1

I am encountering an error that can probably be worked around but conceptually confusing to me and wondering if someone could shed some light.

When I recurse through directory structure calling shutil.rmtree() under certain condition, I get an error that amounts to an attempt to delete an already deleted object. Here is a simplest example:

def deleteFolder(path):
    for obj in glob.glob(os.path.join(path, '*')):
        print('obj name is ',obj)
        if os.path.isdir(obj):
            deleteFolder(obj)
    print('removing path ',path)
    print(os.listdir(path))
    shutil.rmtree(path,False)


WindowsError                              Traceback (most recent call last)
<ipython-input-36-ad9561d5fc92> in <module>()
      2 #path = 'C:\Users\Wes\Desktop\Test\Morphine\Album1'
      3 #shutil.rmtree(path)
----> 4 deleteFolder('C:\Users\Wes\Desktop\Test\Level1')

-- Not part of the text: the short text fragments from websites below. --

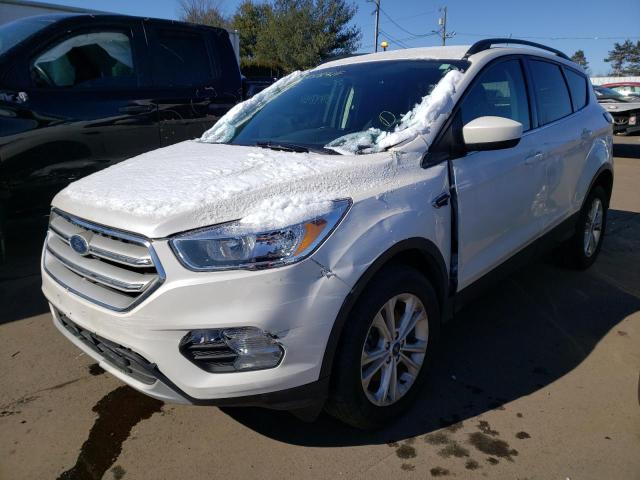 Photo 2 from auction – 2018 FORD ESCAPE SE with VIN 1FMCU9GD1JUC66051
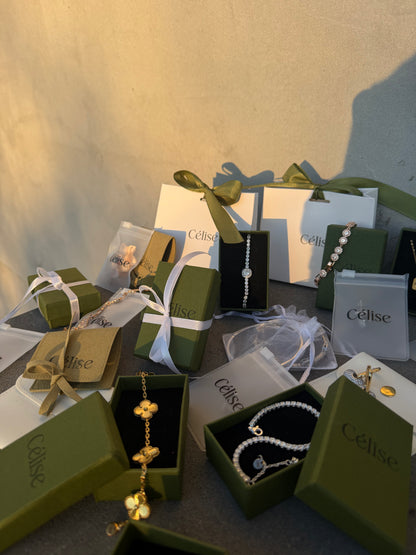 Bratara Van Luxury - Célise Jewels Gold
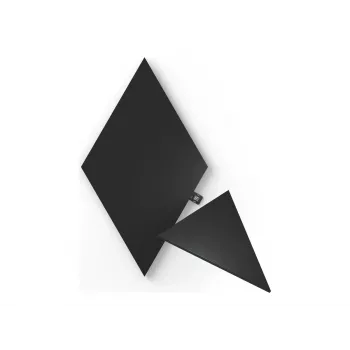 Nanoleaf NL47-0101TW-3PK Ultra Black trikampis išplėtimo rinkinys 3 vnt., Wi-Fi, juodas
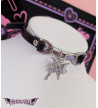 Choker Papillon Violet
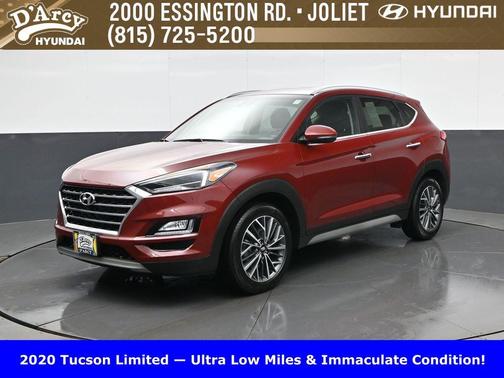 2020 Hyundai TUCSON Limited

<ipython-input-35-14a315bc6a80> in deleteFolder(path)
     30     print('removing path ',path)
     31     print(os.listdir(path))
---> 32     shutil.rmtree(path,False)

C:\Users\Wes\Anaconda2\lib\shutil.pyc in rmtree(path, ignore_errors, onerror)
    250                 os.remove(fullname)
    251             except os.error, err:
--> 252                 onerror(os.remove, fullname, sys.exc_info())
    253     try:
    254         os.rmdir(path)

C:\Users\Wes\Anaconda2\lib\shutil.pyc in rmtree(path, ignore_errors, onerror)
    248         else:
    249             try:
--> 250                 os.remove(fullname)
    251             except os.error, err:
    252                 onerror(os.remove, fullname, sys.exc_info())

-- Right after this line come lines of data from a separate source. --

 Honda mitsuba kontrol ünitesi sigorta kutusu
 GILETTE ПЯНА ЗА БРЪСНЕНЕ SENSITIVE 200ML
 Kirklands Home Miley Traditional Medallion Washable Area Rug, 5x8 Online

WindowsError: [Error 2] The system cannot find the file specified: 'C:\\Users\\Wes\\Desktop\\Test\\Level1\\Level2'

Directory structure is /Level1/Level2/Level3 and fx is called w/ arg Level1. Obviously this is a stupid example, it is doing the recursion that shutil.rmtree is built for, but when you add a condition to whether or not to delete the directory it makes more sense.

Here is the print output:

('obj name is ', 'C:\\Users\\Wes\\Desktop\\Test\\Level1\\Level2')
('obj name is ', 'C:\\Users\\Wes\\Desktop\\Test\\Level1\\Level2\\Level3')
('removing path ', 'C:\\Users\\Wes\\Desktop\\Test\\Level1\\Level2\\Level3')
[]
('removing path ', 'C:\\Users\\Wes\\Desktop\\Test\\Level1\\Level2')
[]
('removing path ', 'C:\\Users\\Wes\\Desktop\\Test\\Level1')
['Level2']

So it seems to travel down to Level3, delete Level3, moves up to Level2, has no problem seeing that Level3 is no longer a subdir of Level2, deletes Level2, but then Level1 still see Level2 and errors. There seems to be some subtlety of scoping as it relates to os.path that I am missing.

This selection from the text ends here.